The high altitude also makes paragliding a little different to most places, perhaps that explains Andres' emphasis on safety. I'll be in Cochabamba all of this week while I learn, hoping to get some amazing views of the city from up there!

Chau

Monday, 12 March 2012

Leaving Sucre

Today marks one month in Sucre and I am sad to be leaving.

Hoy dia indica que estoy en Sucre mas de un mes y estoy triste de salir.

Enrique, Marlene, Lorena, Ricardo, Andrea and Karina I miss you already. You will always be my family in Bolivia.To my Spanish teachers, Coco and Fernando, thanks SO MUCH for your work, I'll recommend your school to everyone.

Enrique, Marlene, Lorena, Ricardo, Andrea y Karina ya les extraño. Ustedes irán mi familia Boliviana por todo el tiempo. También á mi Professores, Coco y Fernando, MUCHAS gracias para su trabajo, voy a recomendar su escuela a todos!

I leave for Cochabamba on an overnight bus this evening, and start a week-long paragliding course there on Tuesday. Sucre is a beautiful city, my favourite in South America so far and I'm sure I will return one day. My Spanish has gone from almost non-existent to competent in conversation thanks to the excellent teaching from Me Gusta spanish school. If you are serious about wanting to learn Spanish, I cannot recommend this place highly enough. Fernando and Ely are incredibly conscientious and really treat you as a member of their family more than a student.

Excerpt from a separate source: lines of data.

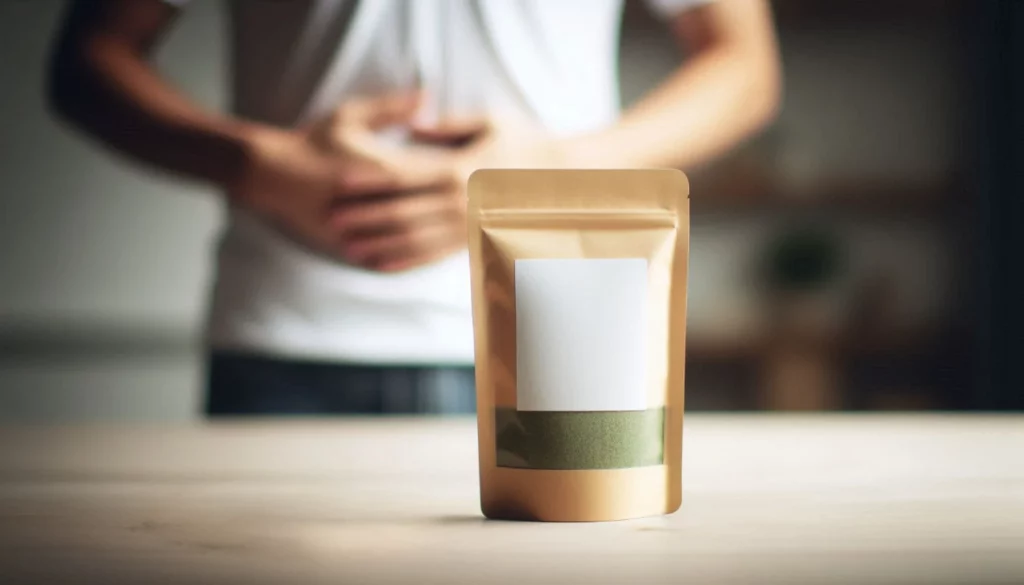 Person holding stomach with a blank-labelled kraft pouch of kratom powder on a wooden surface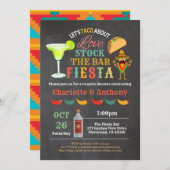 フィエスタは、バーカップルが黒板にシャワーを浴びる 招待状 (正面/裏面)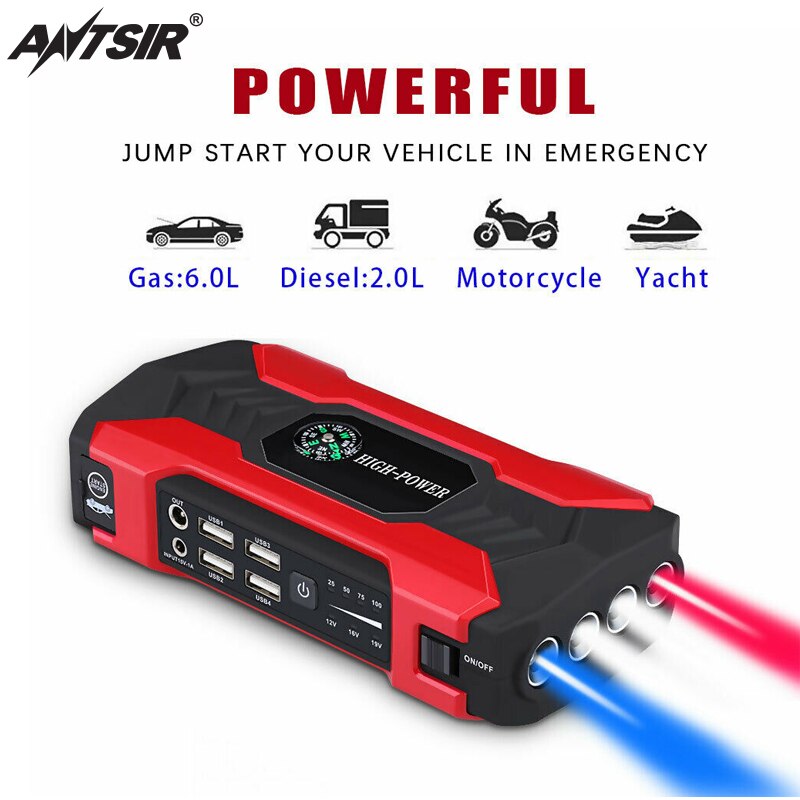 20000mAh 12V Car Jump Starter Portable USB Power Bank Battery Booster Clamp 400A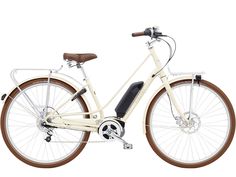 a bicycle is shown with brown rims on the front and back tire, as well as white background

More than that, Sucre is full of students who are very happy to talk to you, I was taking four hours of classes every weekday and in the afternoons I would go out for three or four hours more into the plaza to chat with people in order to apply what I had learned. This has been a very successful approach for me, as with any language, TOTAL immersion is the absolute only way to learn. You will not achieve get very far by taking classes every day then returning to a hostel to speak english. Much better to live with a Spanish-speaking family and try to make friends with absolutely every Spanish speaker you can find, all day every day. I am proud to say I even occasionally dream in Spanish now - total immersion will do that for you.

Salgo para Cochabamba esta noche, y a Martes empezaré con una semana des clases de parapente. Sucre es una ciudad bonita, mi favorita en Sudamerica. Estoy seguro que voy a volver un dia. Mi español cuando llegué fue terrible, ahora tengo competencia en conversaciones normales, gracias a los enseñado excelente de "Me Gusta" escuela. Si quieres aprender español, es imposible recomendar suficiente esta lugar. Fernando y Ely están muy concienzudas y parece que tu estas uno de sus familia. Más, Sucre es lleno de los estudiantes quien están muy feliz a hablar contigo. Estaba tomando cuatro horas des clases cada día y en las tardes salía por tres o cuatro horas mas charlando con la gente para aplicar lo que yo aprendía. Esta ha sido un enfoque exitoso para mi, como con cualquiera idioma, inmersión total es lo mejor manera de aprender. No voy a hacer buen progreso si solo tienes clases y después vuelves a un hostal y hablas ingles todo el tiempo. Mejor es vivir con un familia Boliviana y hacer amigos con cada hablador de español que tu encuentras. Estoy orgulloso que ahora, a veces yo sueño en español - este es lo que hace inmersión total.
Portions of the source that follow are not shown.